Finalement, n’est-ce pas une bonne chose si certains clients partent. Ne faut-il pas renouveler la clientèle ?

On entend de temps à autre des banquiers dire que les clients les plus petits ne sont pas intéressants et doivent partir. La réponse n’est pourtant pas aussi évidente, et ce, pour plusieurs raisons.

D’une part, attirer une clientèle différente prend du temps et nécessite des investissements. D’autant que dans l’intervalle, les revenus doivent être préservés.

D’autre part, même de petits clients peuvent être rentables s’ils sont servis avec les bons outils et selon un modèle industriel bien pensé.

Enfin, modifier le profil de sa clientèle nécessite une réflexion stratégique approfondie. Que cherchent vraiment les clients ? Qu’attendent-ils de leur banquier ?

C’est d’ailleurs dans ce contexte que le Private Banking Group Luxembourg de l’ABBL lance une étude visant à interroger directement des clients récents ou anciens de la place, pour mieux comprendre ce qui les a fait venir et ce qui les retient au Luxembourg.

Les banquiers privés doivent en tout cas se poser sérieusement la question de leur différenciation.

 

Justement, quels peuvent être les arguments différenciateurs des banques privées Luxembourgeoises?

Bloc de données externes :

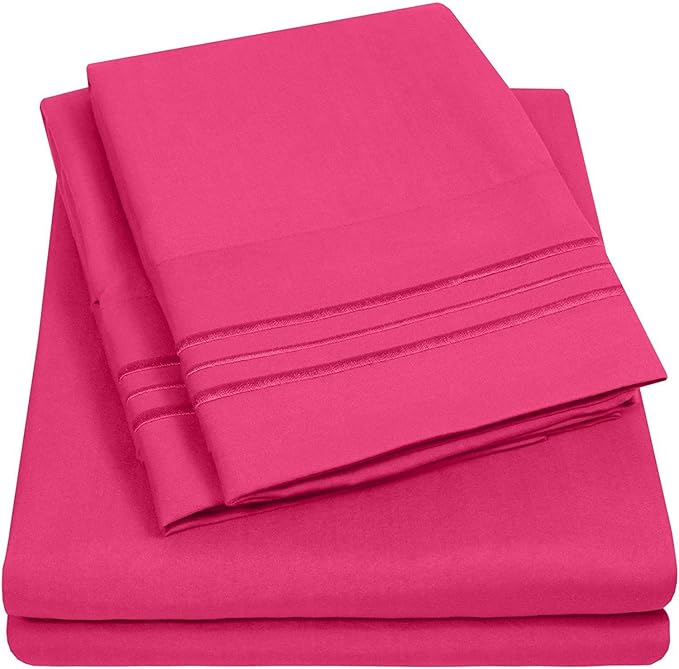 Split King Size Size Sheet Set by SweetHomeCollection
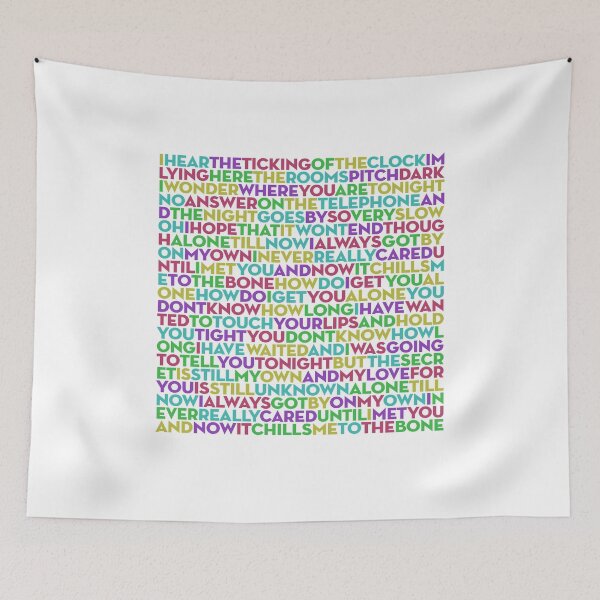 Item preview, Alone - Heart (lyrics) v.3 designed and sold by x1brett.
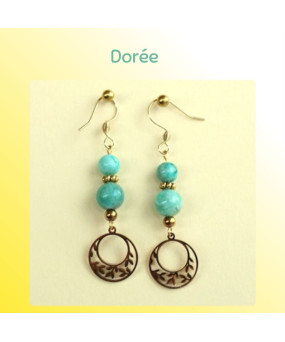 Boucles d'Oreilles en...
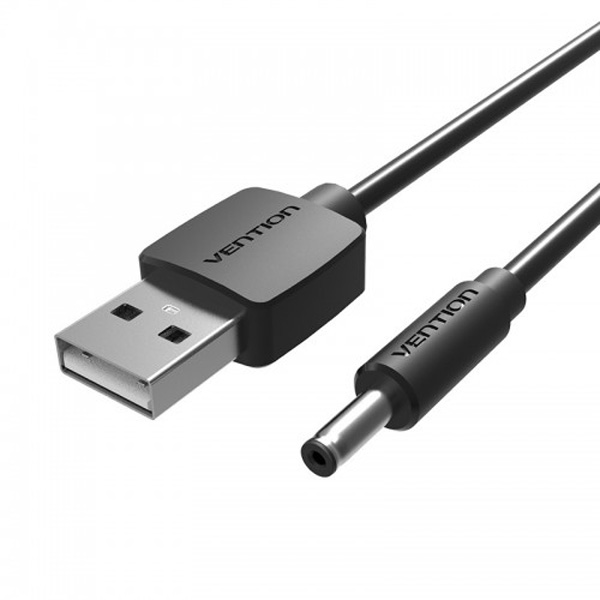 

Аксессуар Vention USB AM - DC-jack 3.5/M 80cm VAS-A66-B080, VAS-A66-B080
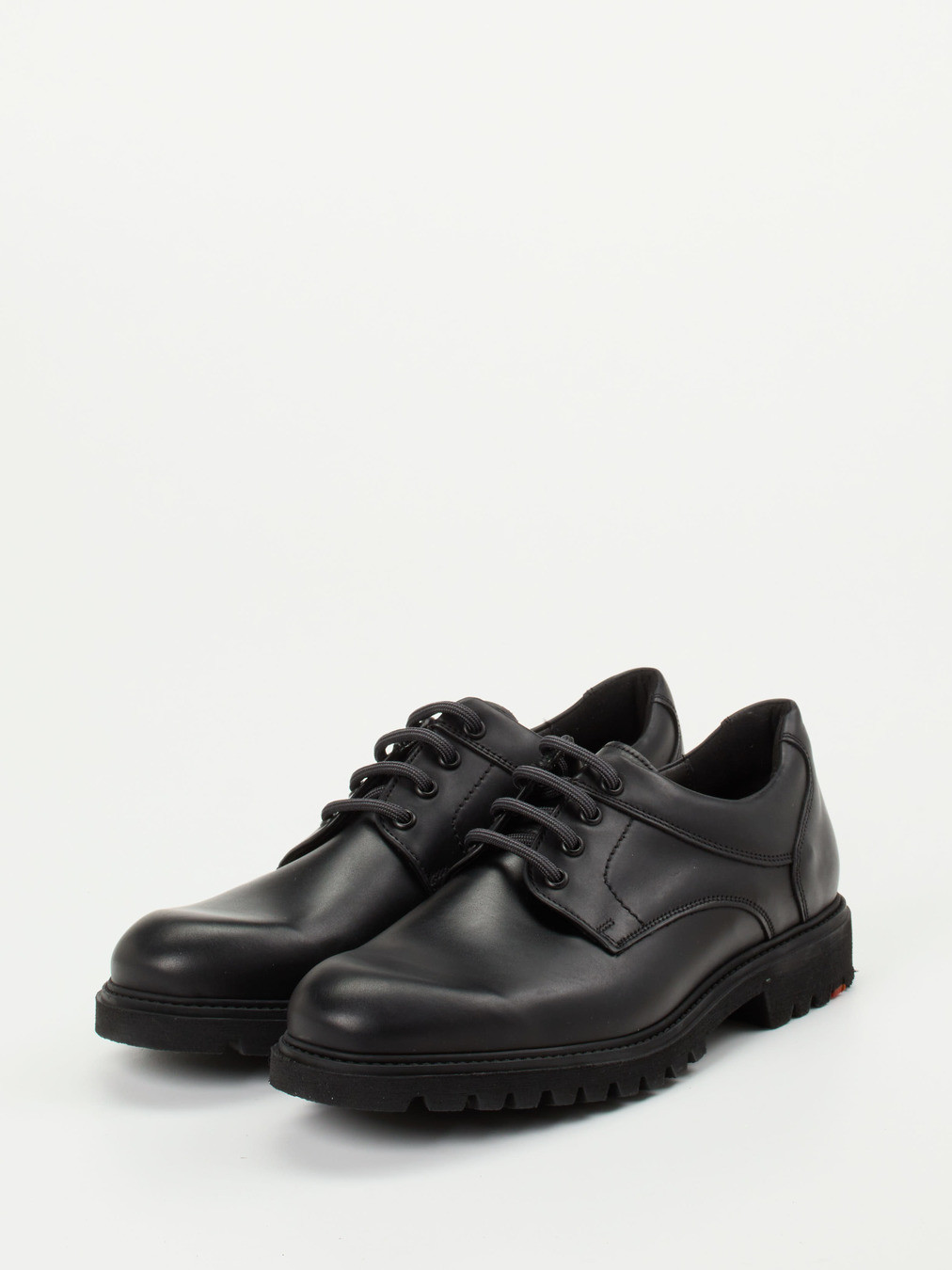 Schnürschuh schwarz 4610009120702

Ils sont, heureusement pour le Luxembourg, multiples. La difficulté est qu’il n’y en a pas un seul qui fonctionne pour toutes les institutions.

Chaque banque doit donc faire l’effort de définir ce qui a le plus de sens pour elle, et c’est évidemment beaucoup plus difficile que par le passé.

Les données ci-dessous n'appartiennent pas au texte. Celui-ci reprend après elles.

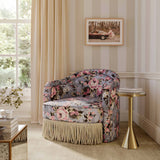 Pamela Lounge Chair, Spring Floral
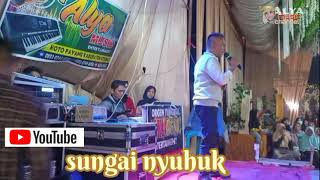 sungai nyuhuk coverwo Marsan Jufri versi slow arr, pak Repan Alya live show semumu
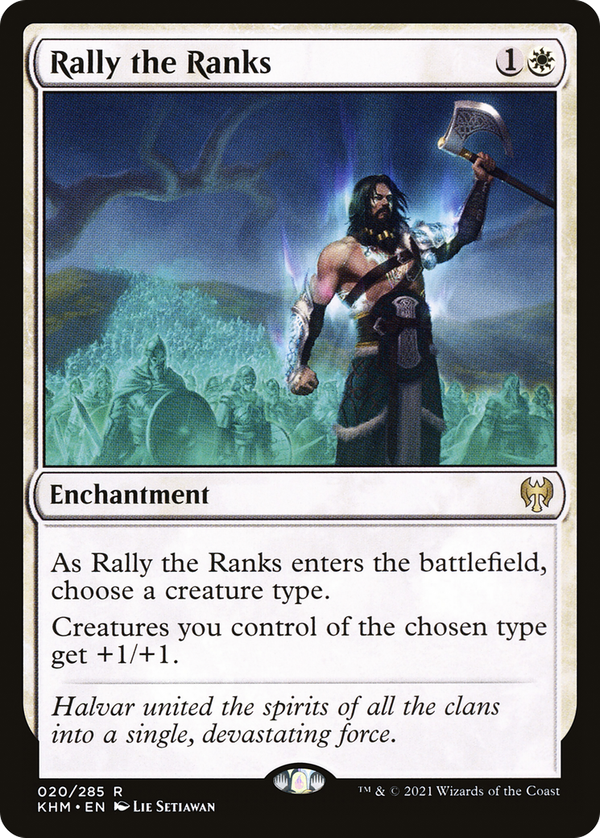 Rally the Ranks (khm)
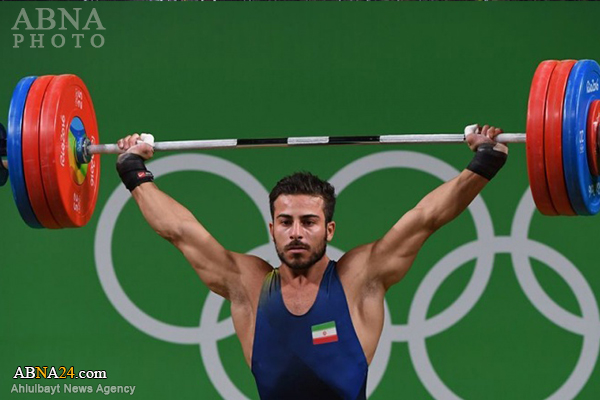 Halterofilista iraniano garante primeiro ouro no Rio-2016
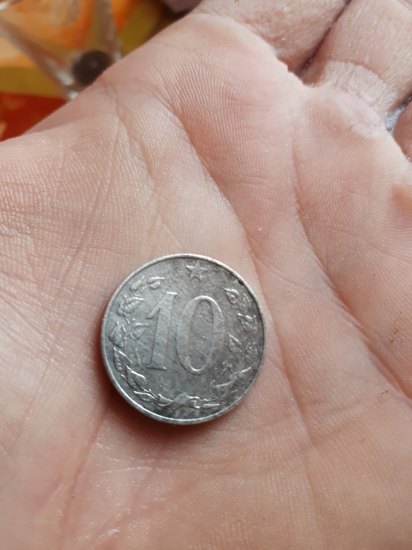 10 haléř 1953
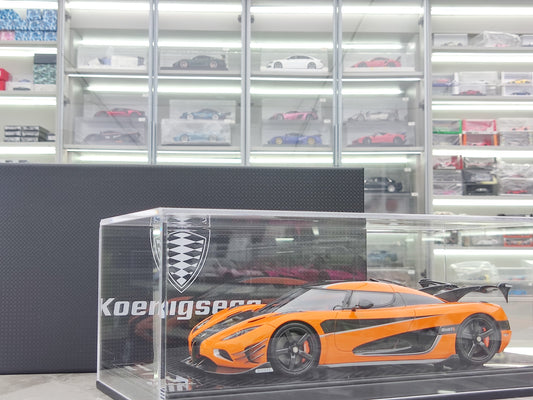 FRONTIART 1/18 Koenigsegg Agera RS One of 1 Orange FA061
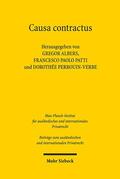 Albers / Patti / Perrouin-Verbe |  Causa contractus | Buch |  Sack Fachmedien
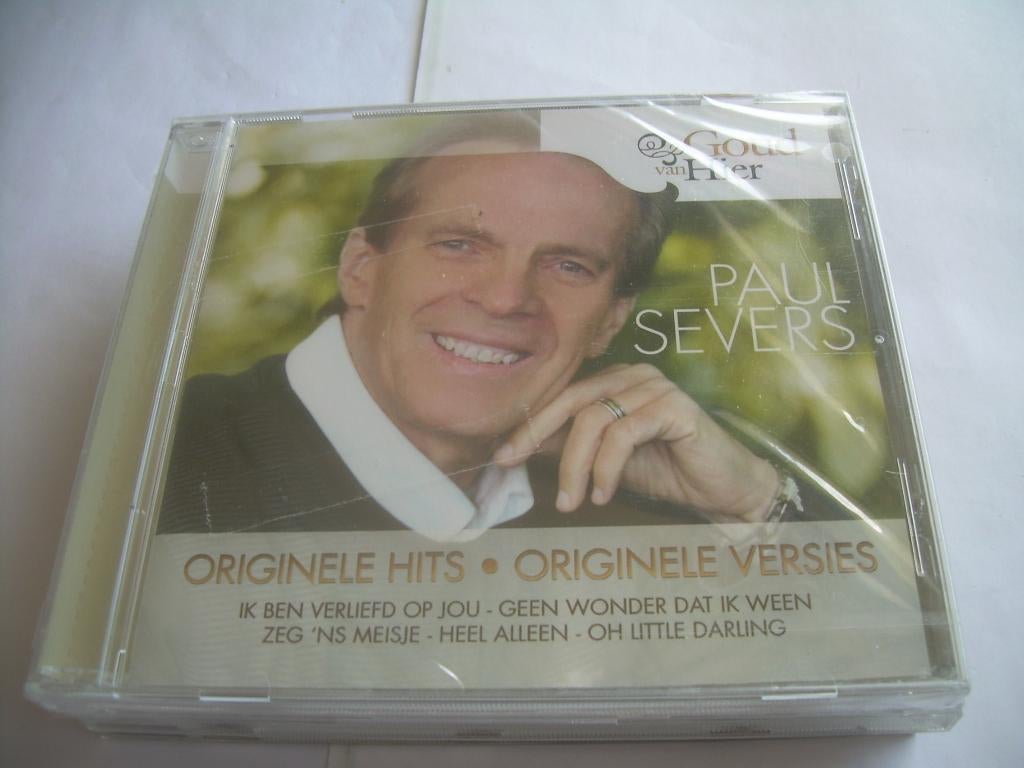 CD - PAUL SEVERS - GOLD FROM HERE, CD & DVD, CD | Néerlandophone, Enlèvement ou Envoi, Neuf, dans son emballage, Chanson réaliste ou Smartlap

Il est très clair que le cadre fiscal et juridique luxembourgeois reste très attrayant. Les possibilités de structuration de fortune sont importantes, mais elles ne fonctionnent pas pour tous les clients, quel que soit leur niveau de fortune ou pays de résidence.

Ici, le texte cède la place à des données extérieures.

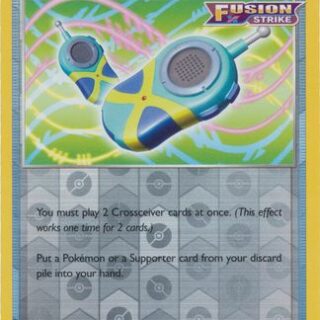 Crossceiver - 231/264 - Uncommon Reverse Holo - Inglés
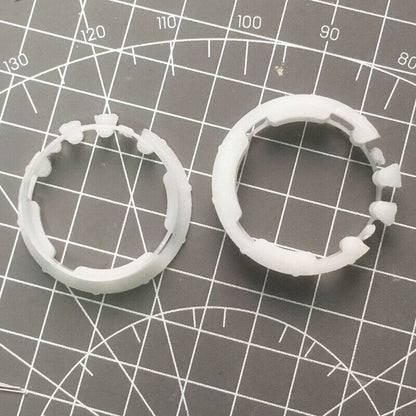 Plastic watch movement cushion mount 7.6mm height for ETA 2824/2836/2846/2879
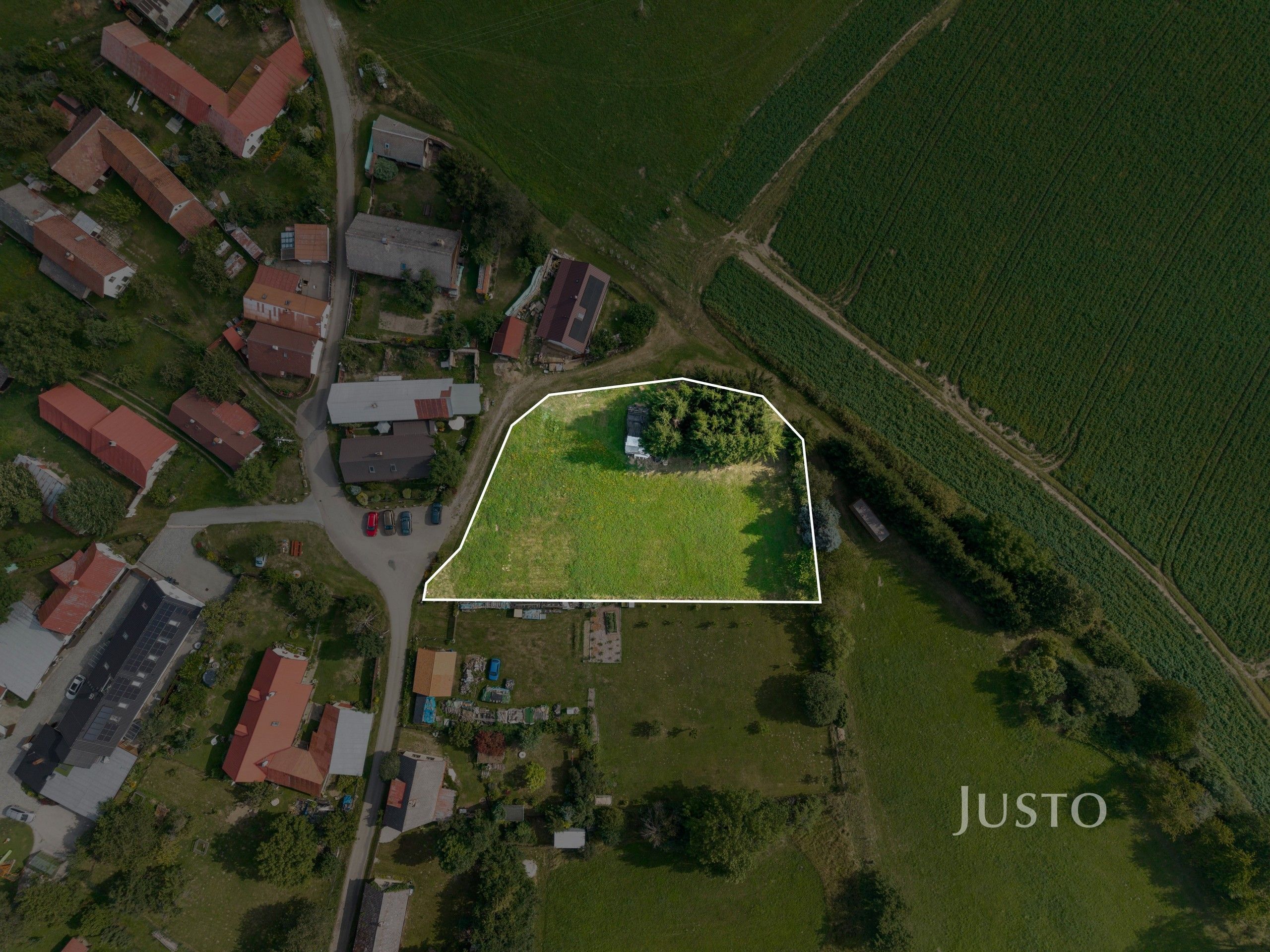 Pozemek pro bydlení · 2 476 m² · Úsobí Kosovy - 4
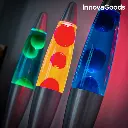 Lampe à lave magma 25 W InnovaGoods orange.webp
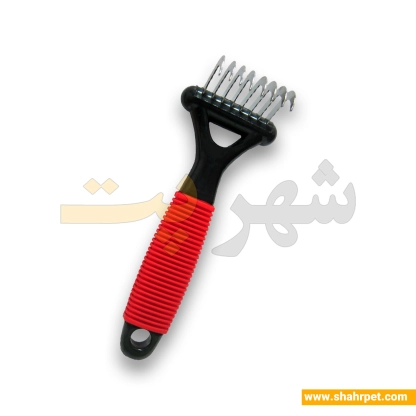 شانه گره بازکن تیغه ای سگ و گربه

L’ouverture internationale des possibilités d’investissements offertes aux clients est un point fort. Alors que les banques domestiques se contentent souvent de «pousser» les produits maison, l’architecture ouverte est la règle au Luxembourg.

 

S’il n’y a plus «d’unique selling point» lié au pays, que doit faire une institution financière pour se développer ?

Se poser les bonnes questions sur son ADN propre et définir la stratégie qui lui convient. Certaines banques vont jouer sur les synergies avec leur banque d’investissement pour capter au mieux les entrepreneurs qui vendent leur affaire. D’autres peuvent utiliser leur réseau international et se positionner comme centre de compétence, en mettant en place les mécanismes d’intéressement qui inciteront leurs collègues étrangers à leur référer des clients.

L’expansion internationale est clairement une voie à explorer. Cela peut passer par l’ouverture de succursales à l’étranger pour capter une clientèle intéressée par le label «Luxembourg».

Les possibilités offertes par la Libre Prestation de Services ne sont pas non plus à sous-estimer. Certaines compagnies d’assurance ont connu un développement fulgurant grâce à ce mécanisme européen.

Le développement vers des régions plus lointaines est aussi une option. Même si l’Europe continue à rassembler une large part des millionnaires, le potentiel présenté par l’Asie, le Moyen Orient ou l’Amérique latine est énorme.

Une chose est sûre, tout cela nécessite un haut niveau de compétence et de technicité.

 

Comment faire quand on est une petite banque sans les moyens financiers et humains des très grandes institutions?

Il est certain que le coût de l’activité banque privée a augmenté, et qu’avoir une surface financière importante est un atout pour faire face aux besoins accrus en matière de compliance, de reporting, de systèmes informatiques. Nous allons vivre une phase de concentration.

Maintenant, et c’est relativement nouveau, il existe des possibilités pour des institutions plus petites de maîtriser leurs coûts. On peut de plus en plus avoir recours à l’outsourcing pour compléter son offre ou rendre variable des frais fixes.

Deloitte se positionne d’ailleurs de plus en plus comme partenaire des professionnels de la gestion de fortune en leur fournissant des services d’ingénierie de patrimoine ou de reporting fiscal, par exemple. Nos clients profitent de notre réseau international et sont en mesure d’offrir des services à haute valeur ajoutée, sans nécessairement avoir toutes les compétences chez eux.